A extensão da falência e a desconsideração da personalidade jurídica: dúvidas e certezas
quarta-feira, 25 de maio de 2022
Atualizado às 08:11
A extensão da falência, ou a falência derivada, como medida que estende os efeitos da falência aos sócios, sempre foi controvertida no direito brasileiro. E as dificuldades com a extensão da falência, abolida (assim como a própria falência) no moderno processo de insolvência europeu, aumentam diante da técnica da desconsideração da personalidade jurídica, que, aplicada, muitas vezes, nos processos de falência, acabam por determinar indevidamente a extensão da falência a outra sociedade.
A origem desta ideia de extensão da falência remonta ao tempo em que não havia possibilidade de sujeitar ao processo concursal o não comerciante. A solução encontrada para a excussão dos bens dos sócios de responsabilidade ilimitada perante os credores concursais foi estender os efeitos da falência aos sócios, para trazer os seus bens ao processo concursal.1 No entanto, essa solução acabou algumas vezes desvirtuada e hoje se mostra verdadeiramente fora do seu tempo.
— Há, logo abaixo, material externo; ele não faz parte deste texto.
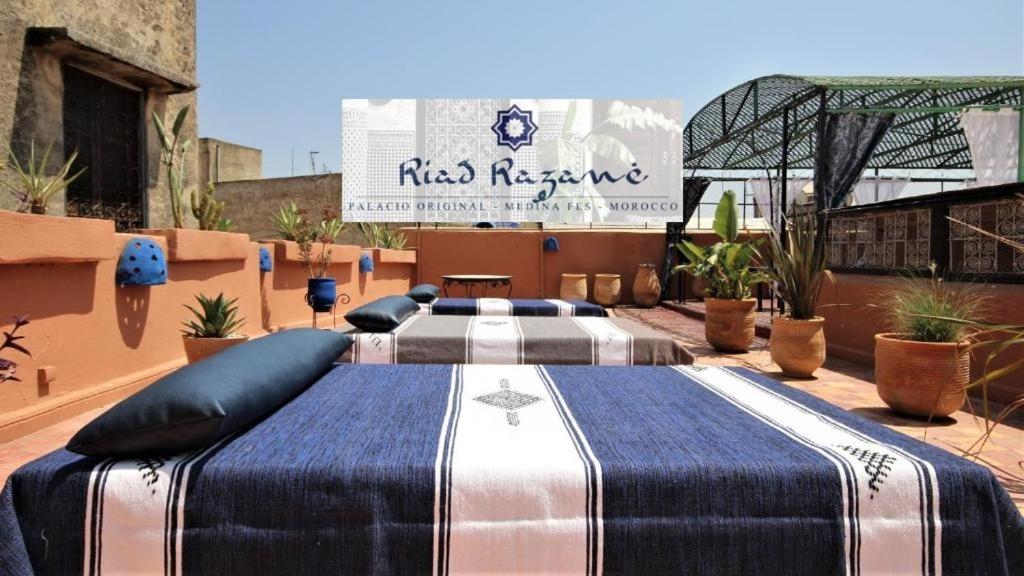 a large bed sitting on top of a roof at Riad Razane Fez in Fès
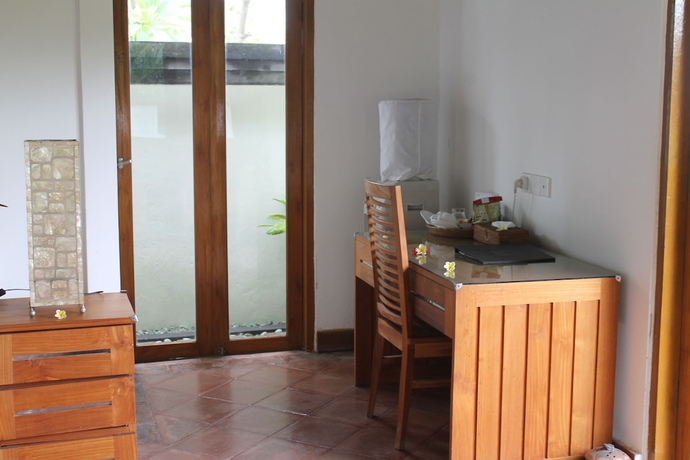 Imagen de la habitación del Hotel Ganesha Bali Coral Reef Villas. Foto 8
Na vigência do decreto-lei 7.661/45 admitia-se a extensão dos efeitos da falência somente na hipótese do seu art. 5º, contra o sócio de responsabilidade ilimitada, como se vê claramente do texto da Lei:
"Art. 5° Os sócios solidária e ilimitadamente responsáveis pelas obrigações sociais não são atingidos pela falência da sociedade, mas ficam sujeitos aos demais efeitos jurídicos que a sentença declaratória produza em relação à sociedade falida. Aos mesmos sócios, na falta de disposição especial desta lei, são extensivos todos os direitos e, sob as mesmas penas, tôdas as obrigações que cabem ao devedor ou falido." (grifamos)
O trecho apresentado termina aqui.